** Opening DATA LISTING block **
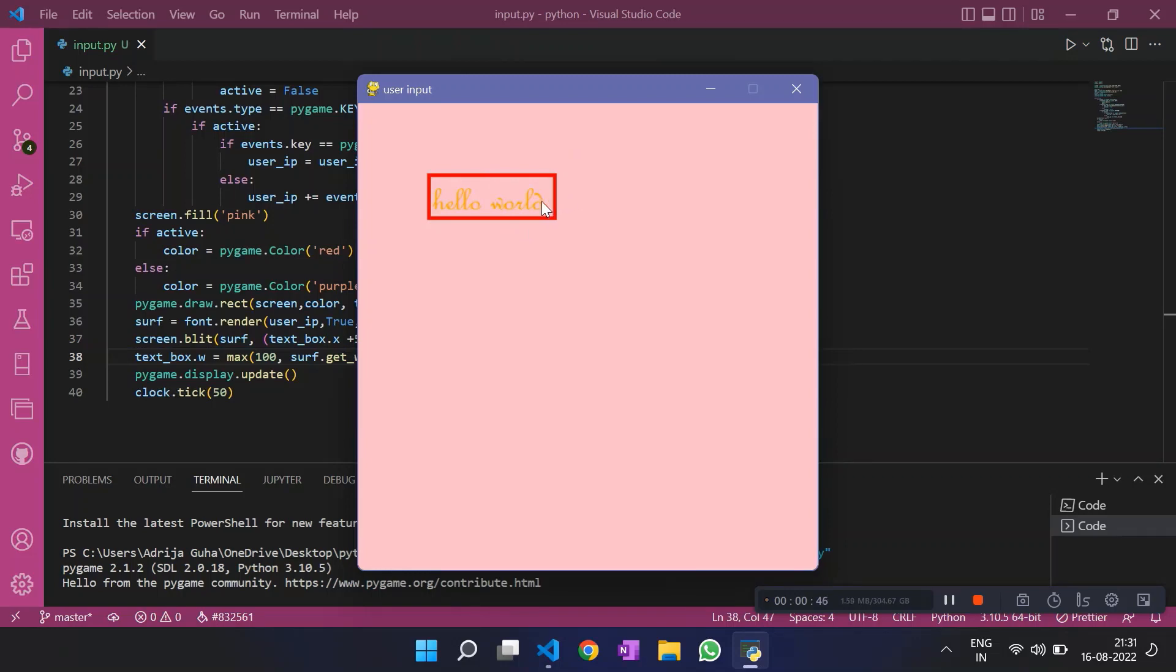And yeah, that's pretty much it about this program. I hope you understood whatever the code was, whatever we wrote.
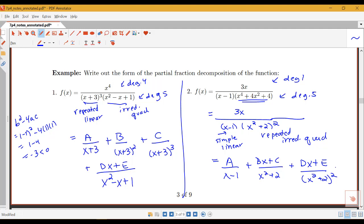We've been focusing on these different forms in this video. Future videos will talk about how to solve for the constants a, b, c, d, etc., and then how we can use these decompositions to actually evaluate some integrals. Thank you so much.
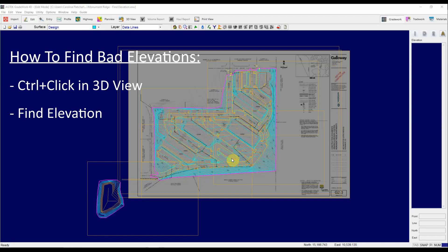Today I'm going to show you two ways to find and fix a bad elevation. The first is going to be using the control-click in 3D view and the next will be using the find elevation function.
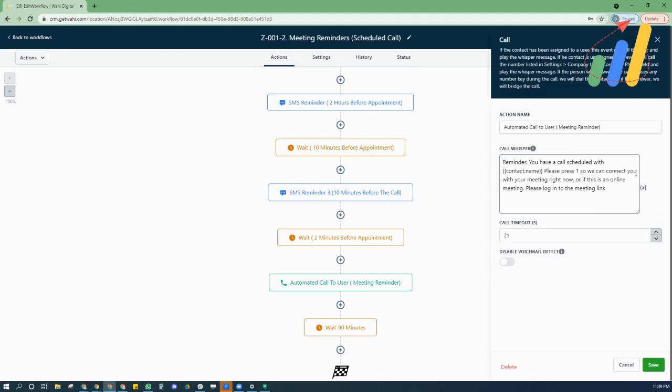please press one so we can connect you with your meeting right now. Or if it's an online meeting, please log into your meeting link. So it serves as a reminder. What a user generally does is they get the call, they pick up the phone. If it's a phone over the phone call, they'll listen to the whisper message.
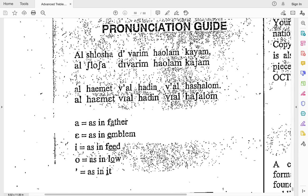Let's do those a little bit at a time: al-ha-emet, vi-al, ha-deen, vi-al, ha-shalom. And now a little bit bigger chunks: al-ha-emet, vi-al, ha-deen, vi-al, ha-shalom. And bigger chunk — the whole thing together, really slow.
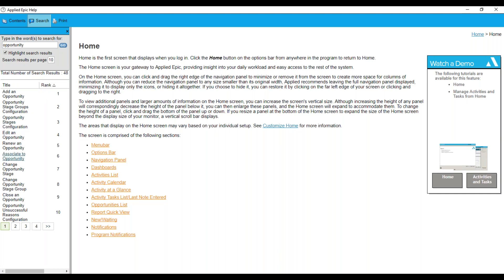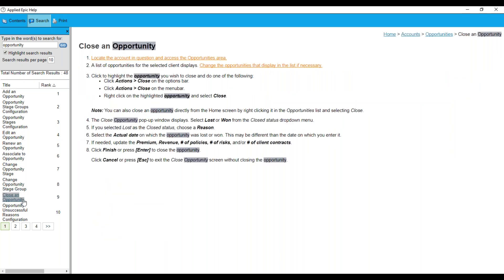I can see all the different types of workflows that have to do with opportunities, but I'm going to click on close an opportunity. It's going to pull up the step-by-step directions on how to close out that opportunity.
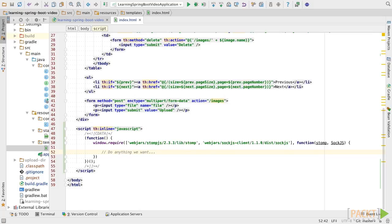So in this video, we dug into using WebJars as the way to load up our WebSocket and SockJS JavaScript modules, and then we loaded them up using RequireJS.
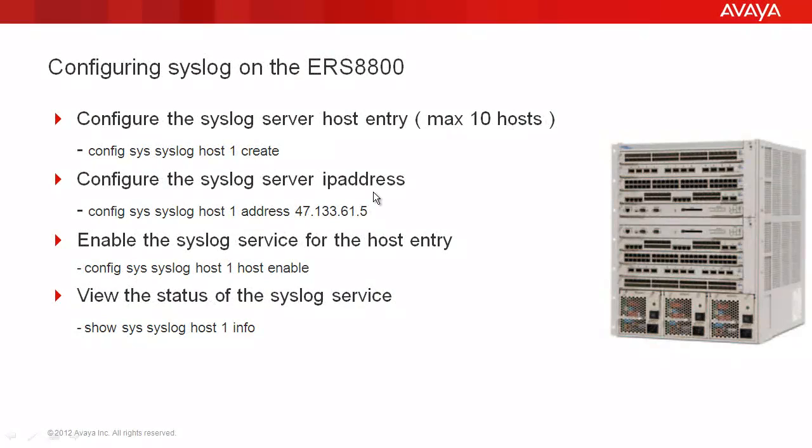In our tech tip, we will configure the syslog server host entry. The ERS-8800 supports up to 10 remote syslog servers. We'll configure the remote syslog server IP address, enable the syslog service for our new host entry, and finally view the status of our syslog service to verify our configuration changes.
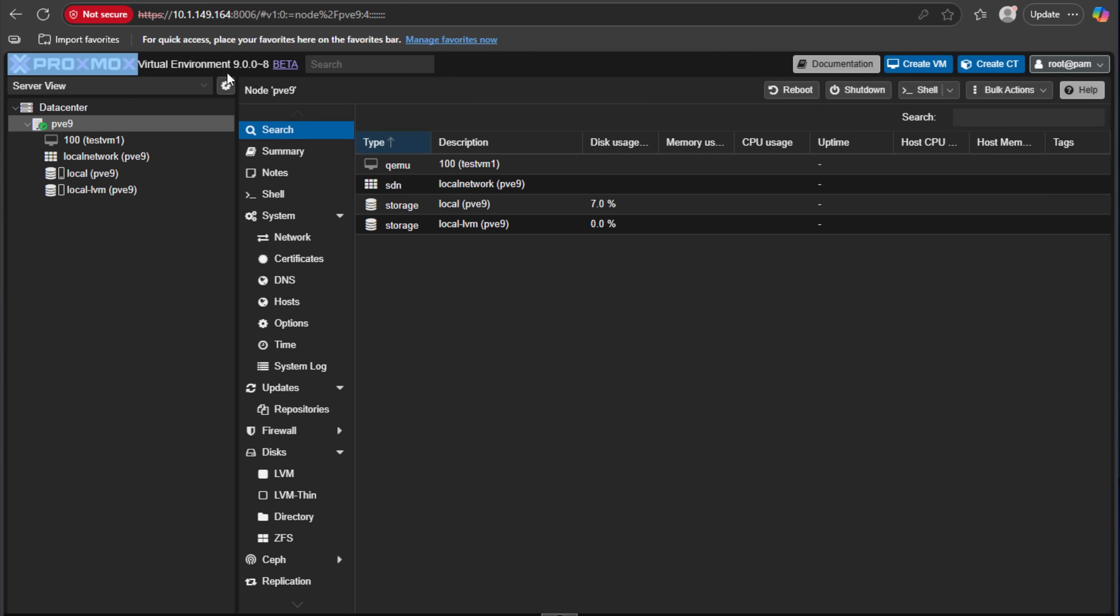And yes, dark mode is finally default in Proxmox VE 9.0. No more burning your eyeballs out after midnight home labbing, by default, anyway.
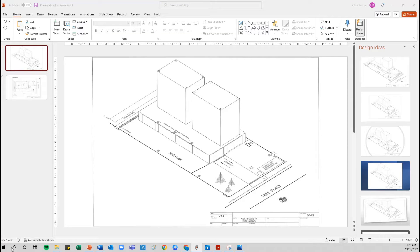We have our construction plans in PowerPoint, which is a nice simple program to use where we can draw in where we're going to run the pipes for the stormwater system.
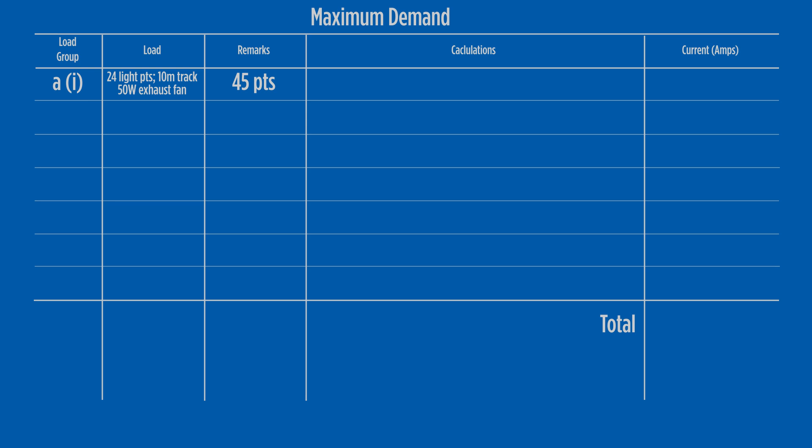Let's apply the calculation from column 2 of table C1. The first 20 points attracts 3 amps, the second 2 amps, and the remaining 5 points add another 2 amps. This gives a total of 7 amps for load group A1.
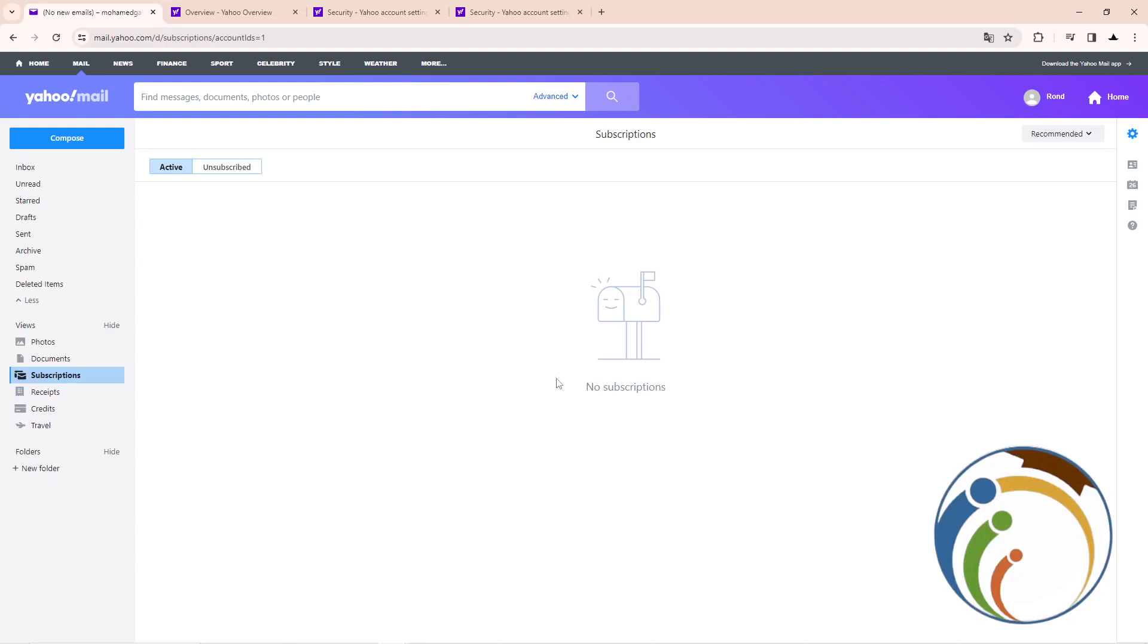Hello guys, today I'm going to show you how to change your phone number on your Yahoo account. Let's get started on this video. All you have to do is follow, so make sure to subscribe to our channel and like this video.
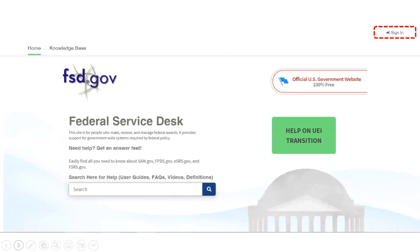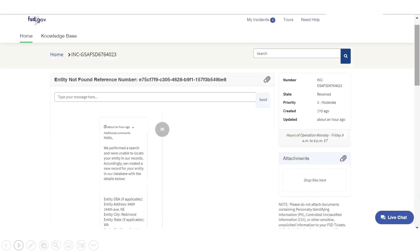Incident resolutions are currently taking three to 20 days. If they are taking more than 10 days, there are two things to do. If you're currently past 10 days, or you submitted a ticket and did not get an auto email reply, you'll want to go into FSD.gov and check the status of your tickets.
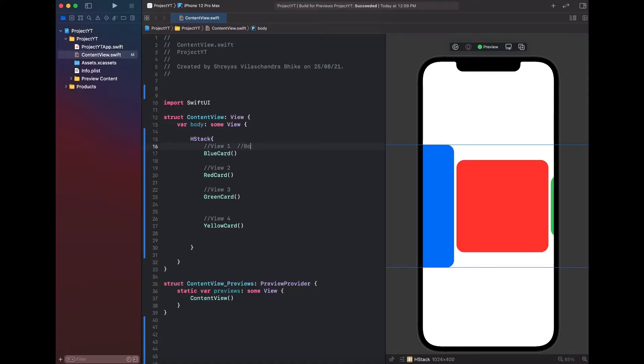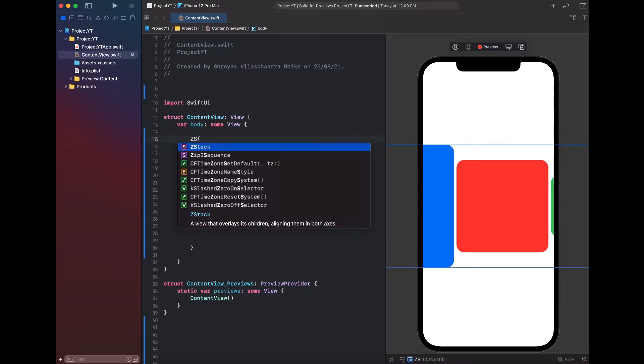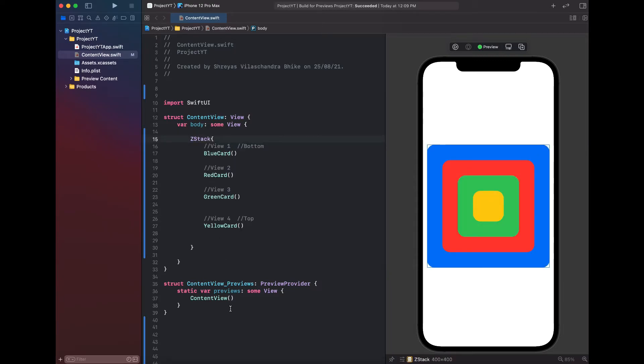ZStack is a depth-based stack, which shows views in a back to front, or bottom to top list.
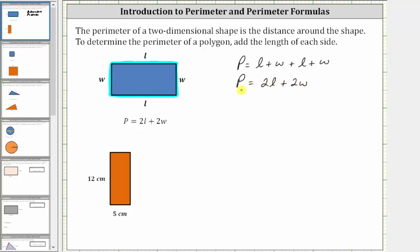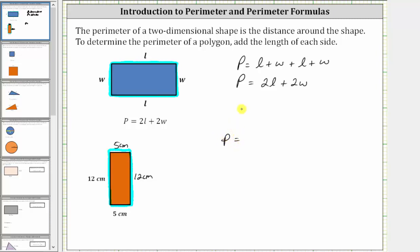We can use this formula to determine the perimeter of a rectangle, but we can always just find the perimeter by adding the lengths of the sides. For the rectangle below, if one side has length 12 centimeters, the opposite side also has length 12 centimeters. If one side is five centimeters, the opposite side is also five centimeters. Walking around the rectangle, the perimeter is 12 plus five plus 12 plus five, which equals 34 centimeters.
** Closing DATA LISTING block **
WHAT THE TASK ASKS: Final stretch of the data: repeat exactly each line from the one containing "And yes, dark" through the last, and omit all pictures.

OUTPUT OF THE TASK:
And yes, dark mode is finally default in Proxmox VE 9.0. No more burning your eyeballs out after midnight home labbing, by default, anyway.
We have our construction plans in PowerPoint, which is a nice simple program to use where we can draw in where we're going to run the pipes for the stormwater system.
Let's apply the calculation from column 2 of table C1. The first 20 points attracts 3 amps, the second 2 amps, and the remaining 5 points add another 2 amps. This gives a total of 7 amps for load group A1.
Hello guys, today I'm going to show you how to change your phone number on your Yahoo account. Let's get started on this video. All you have to do is follow, so make sure to subscribe to our channel and like this video.
Incident resolutions are currently taking three to 20 days. If they are taking more than 10 days, there are two things to do. If you're currently past 10 days, or you submitted a ticket and did not get an auto email reply, you'll want to go into FSD.gov and check the status of your tickets.
ZStack is a depth-based stack, which shows views in a back to front, or bottom to top list.
We can use this formula to determine the perimeter of a rectangle, but we can always just find the perimeter by adding the lengths of the sides. For the rectangle below, if one side has length 12 centimeters, the opposite side also has length 12 centimeters. If one side is five centimeters, the opposite side is also five centimeters. Walking around the rectangle, the perimeter is 12 plus five plus 12 plus five, which equals 34 centimeters.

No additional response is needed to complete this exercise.